Walker had been sacked from his job as a purchasing officer after sending 425 non-work-related emails to colleagues and family members between March and September last year.
Safe Air claimed that 26 of these were “emails of concern” containing explicit depictions of lewdness, nudity and/or sex acts. The ERA found in Mr Walker’s favour and he was awarded $1000 for “a loss of dignity and injury to his feelings” and his employer was forced to reinstate him.
But Safe Air – a Blenheim firm – took the case to the Employment Court in Christchurch.
And, thank goodness for common sense as well as work-place justice, the bosses won this time.
Judge Tony Couch found the dismissal of Mr Walker to be what a “fair and reasonable” employer would have done in all the circumstances at the time. The dismissal was declared “justifiable” and Mr Walker’s personal grievance was not sustained.
Judge Couch found Walker’s emails demonstrated “serious misconduct” and that he had been aware it was against company policy to send them.

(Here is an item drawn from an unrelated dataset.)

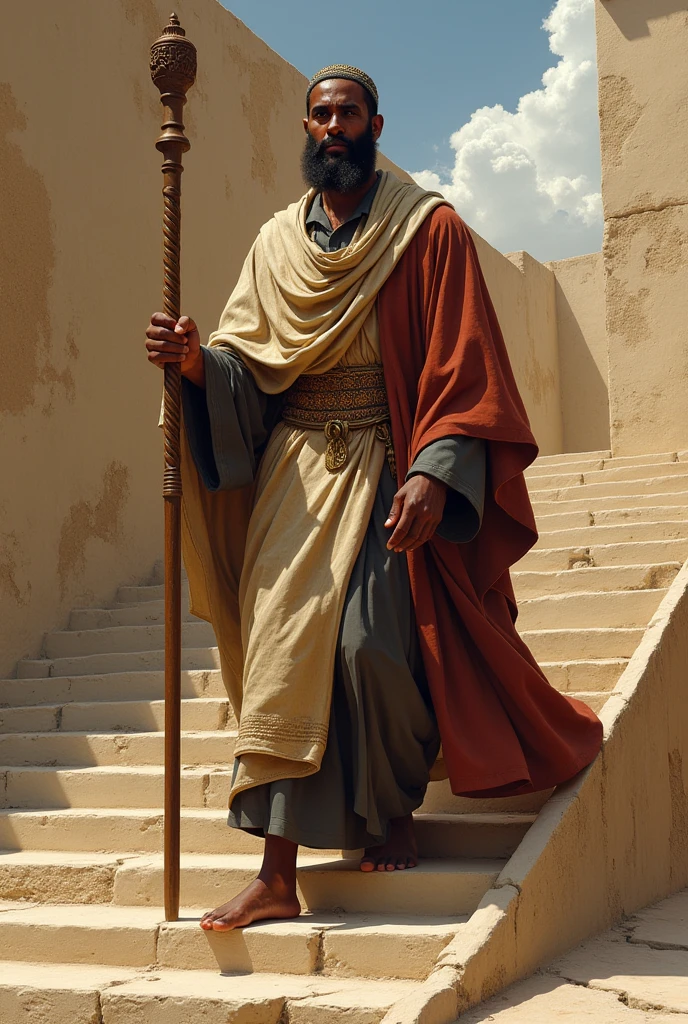 Ethiopian man descendant of Solomon in typical Jewish clothing, going up a ramp from left to right of the image, holding a staff full body.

He also found that Walker had sent many more emails than the others who had been involved.
Alf can’t see there could be any other possible outcome. Yet the bloody ERA had seen things differently, and not for the first time.
Must have a chat with our Minister of Labour and see if we can’t sack every bugger on the authority, then start from scratch with a new bunch of appointments.
Even better, let’s get rid of the Employment Court and let workers like Philip Walker take their chances in the normal court system.